What you have to do →
Take the data that follows and retype it word for word.

Data below →
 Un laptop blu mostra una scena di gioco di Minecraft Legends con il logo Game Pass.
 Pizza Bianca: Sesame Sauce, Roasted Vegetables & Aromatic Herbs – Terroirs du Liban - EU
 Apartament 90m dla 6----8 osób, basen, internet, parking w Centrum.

Solved problem →
 Un laptop blu mostra una scena di gioco di Minecraft Legends con il logo Game Pass.
 Pizza Bianca: Sesame Sauce, Roasted Vegetables & Aromatic Herbs – Terroirs du Liban - EU
 Apartament 90m dla 6----8 osób, basen, internet, parking w Centrum.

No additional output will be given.